Chapter 6.4, Problem 2CP

Interpretation Introduction

Interpretation:

The momentum of a photon of light having wavelength $122\text{ nm}$ is to be determined.

Concept introduction:

Momentum is the product of mass and velocity of a moving particle. It is denoted by $\text{p}$.

The de Broglie equation is related to the particle and wave properties.

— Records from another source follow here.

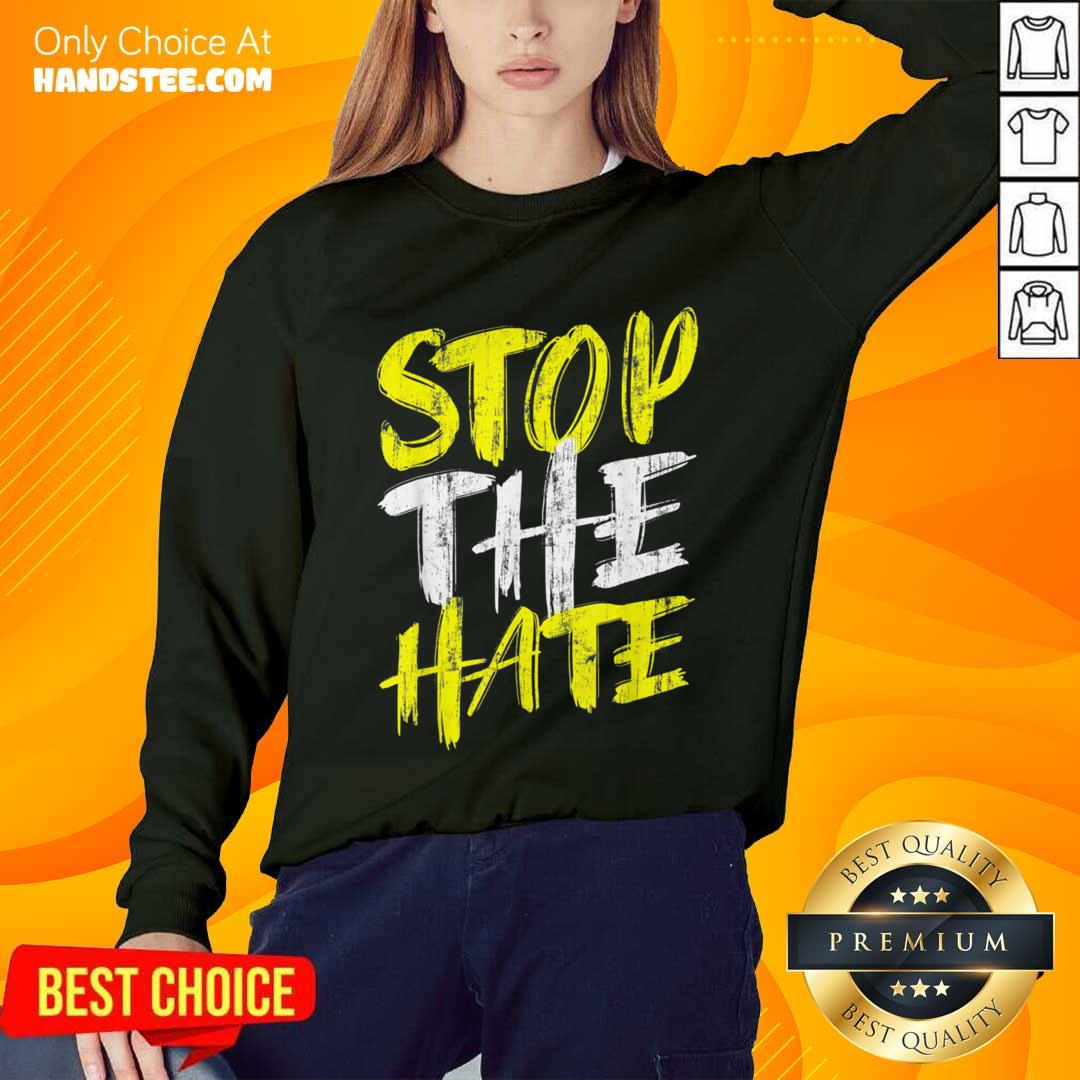 Excited Stop The Hate Asian Comfortable Shirt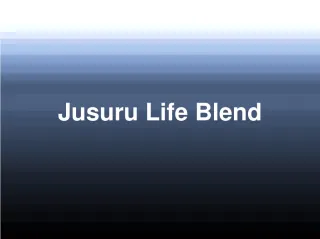 Jusuru Life Blend – A Highly Effective Nutritional Supplemen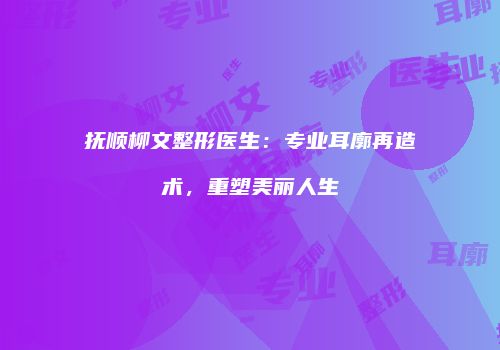 抚顺柳文整形医生：专业耳廓再造术，重塑美丽人生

It is expressed as follows:

$\lambda =\frac{\text{h}}{mu}$

Here, h is Planck’s constant $\left(6.63\times {10}^{-34}\text{ J}\cdot \text{s}\right)$, $\lambda$ is the wavelength of the moving particle, $m$ is the mass of the moving particle, and $u$ is the velocity of the moving particle.

The relationship between $\text{J}$ and $\text{kg}{\text{m}}^2{\text{s}}^{-2}$ can be expressed as:

$\text{1J = 1kg}{\text{m}}^2{\text{s}}^{-2}$

To convert $\text{J}$ to $\text{kg}{\text{m}}^2{\text{s}}^{-2}$, conversion factor is $\frac{{\text{1 kg m}}^2{\text{ s}}^{-2}}{1\text{ J}}$.

The relationship between meters $\text{(m)}$ and nanometres $\text{(nm)}$ can be expressed as:

$\text{1nm = 1}\times {\text{10}}^{-9}\text{m}$.

To convert meters $\text{(m)}$ to nanometres $\text{(nm)}$, conversion factor is $\frac{1\text{ nm}}{1.00\times {10}^{-9}\text{ m}}$.